● WHAT THE TASK REQUIRES: Write the data out again, character for character, with no images.

● SOURCE MATERIAL:
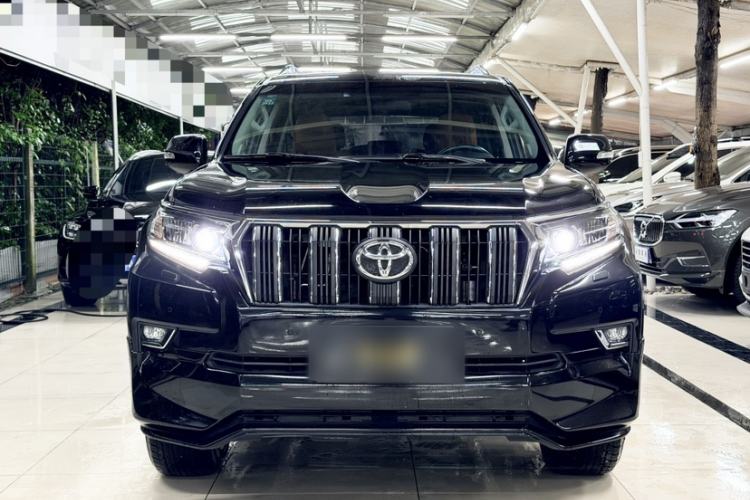 Used Toyota Prado 2018 3.5L Automatic TX-L with Rear-Mounted Spare Tire Exterior 1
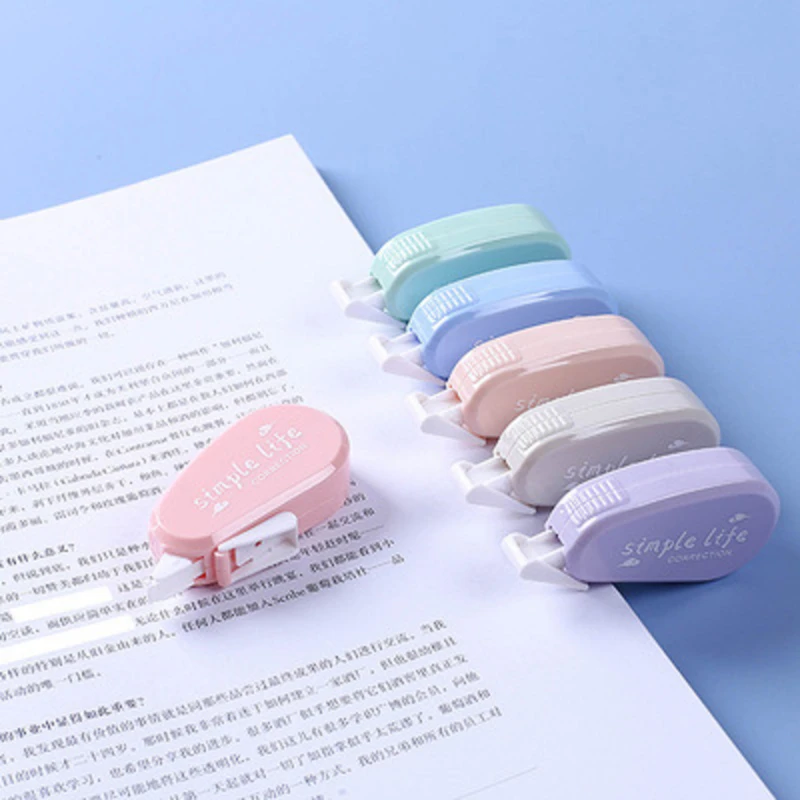 1 Set/6 Piece Cute Kawaii Macaron Correction Tape Altered Tools School Office Corrector Stationery Kids Sweet Novelty Supplies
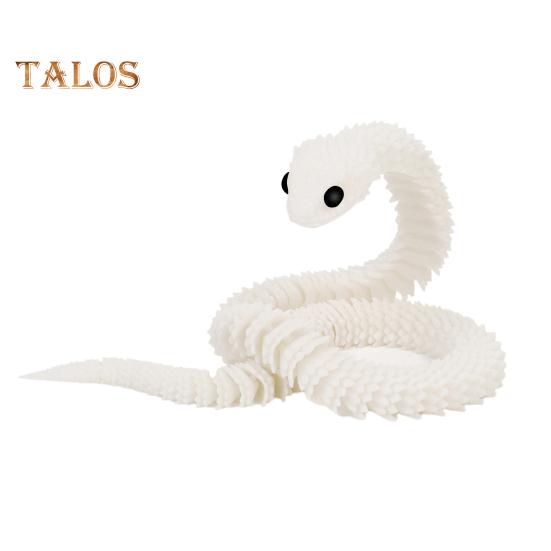 

Фигурка змеи, напечатанная на 3D-принтере, подвижные суставы, фигурка змеи, светящаяся в темноте, шарнирная модель животного, игрушка, украшение для домашнего офиса, рабочего стола, орнамент 60cm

● ANSWER SPACE:
 Used Toyota Prado 2018 3.5L Automatic TX-L with Rear-Mounted Spare Tire Exterior 1
 1 Set/6 Piece Cute Kawaii Macaron Correction Tape Altered Tools School Office Corrector Stationery Kids Sweet Novelty Supplies

Фигурка змеи, напечатанная на 3D-принтере, подвижные суставы, фигурка змеи, светящаяся в темноте, шарнирная модель животного, игрушка, украшение для домашнего офиса, рабочего стола, орнамент 60cm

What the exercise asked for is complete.